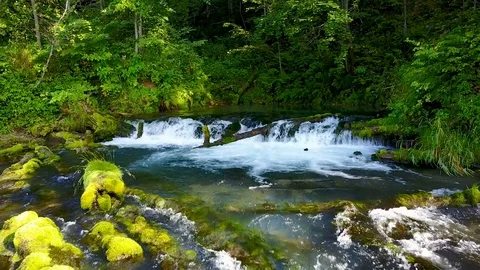 Magnificent mini waterfall in the mountain sub mountain Stock Footage 81535031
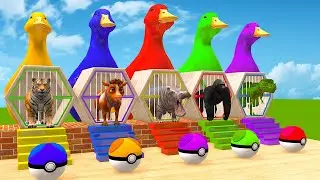 5 Giant Duck Cartoon,Tiger,Cow,Gorilla,Hippo,Dog,T Rex Wild Animals Crossing Fountain 2023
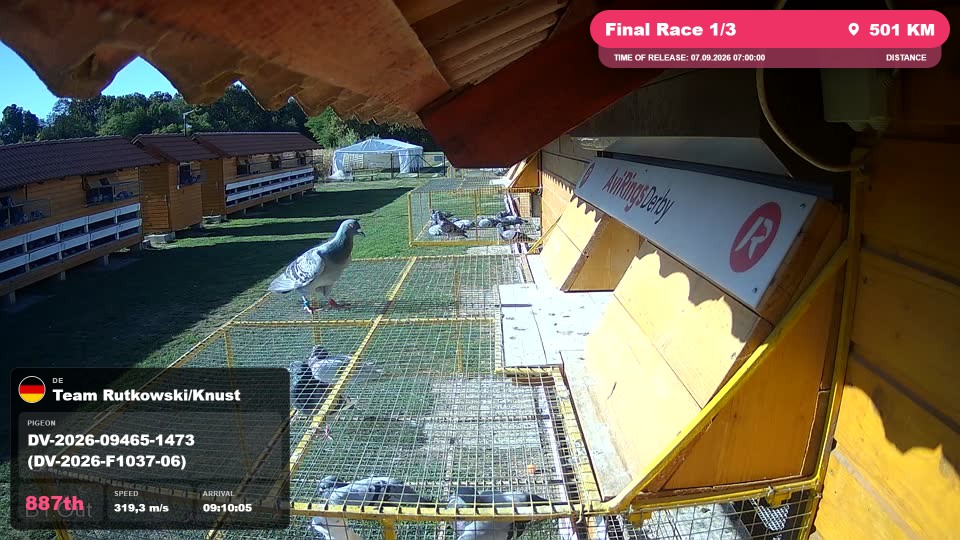 Pigeon Arrival Image For Race Final Race 1/3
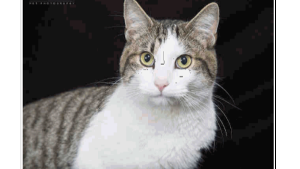 Lost Pet: BENNY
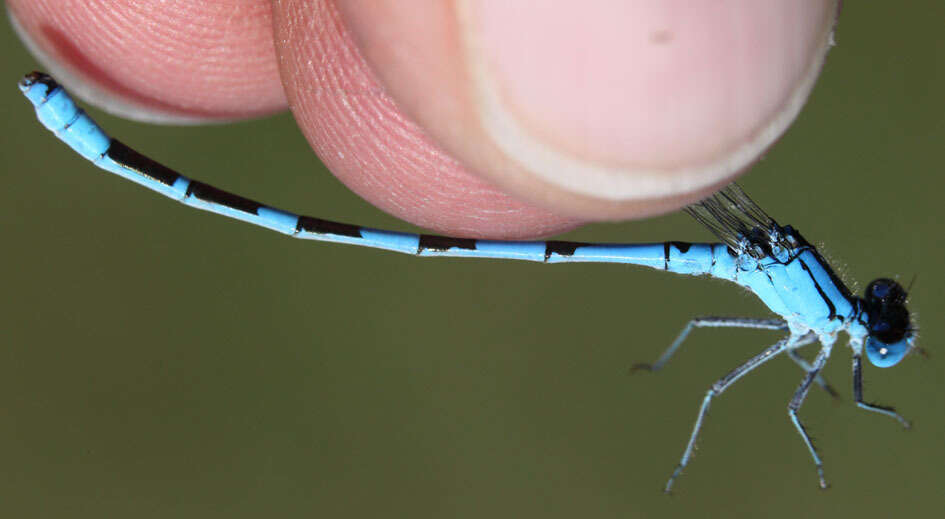 Image of Alkali Bluet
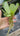 1 - 25 / Oxygenating Pond Water Plants - Water Lettuce - Floating Pond Plants - Pond Plants - Water Plants-2714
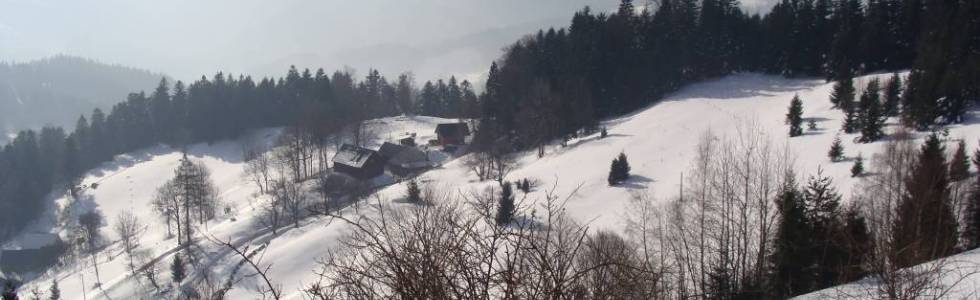 Beskid Sądecki luty 2015r. dzień 5a (Z Niemcowej do Piwnicznej).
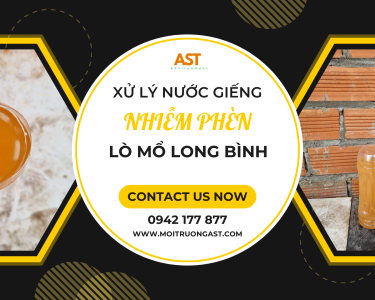Xử lý nước nhiễm phèn cho lò giết mô gia cầm tập trung tại Long Bình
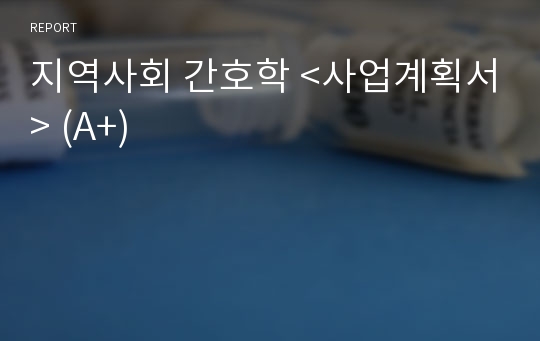 지역사회 간호학 &lt;사업계획서&gt; (A+)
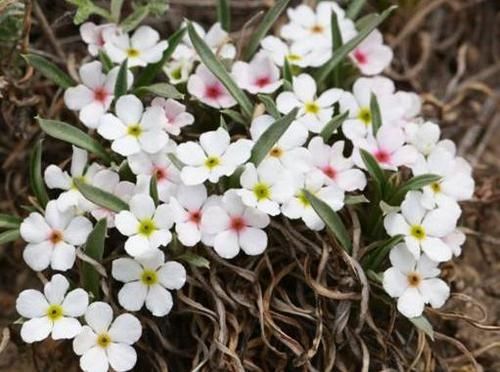  『阳台』阳台养些垂盆植物，开花似瀑布，一簇一簇花朵红颜美丽，绚丽多姿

Work request =>
Copy all of the data word for word, and keep the pictures out of it.

Your response =>
 Magnificent mini waterfall in the mountain sub mountain Stock Footage 81535031
 5 Giant Duck Cartoon,Tiger,Cow,Gorilla,Hippo,Dog,T Rex Wild Animals Crossing Fountain 2023
 Pigeon Arrival Image For Race Final Race 1/3
 Lost Pet: BENNY
 Image of Alkali Bluet
 1 - 25 / Oxygenating Pond Water Plants - Water Lettuce - Floating Pond Plants - Pond Plants - Water Plants-2714
 Beskid Sądecki luty 2015r. dzień 5a (Z Niemcowej do Piwnicznej).
Xử lý nước nhiễm phèn cho lò giết mô gia cầm tập trung tại Long Bình
 지역사회 간호학 &lt;사업계획서&gt; (A+)
  『阳台』阳台养些垂盆植物，开花似瀑布，一簇一簇花朵红颜美丽，绚丽多姿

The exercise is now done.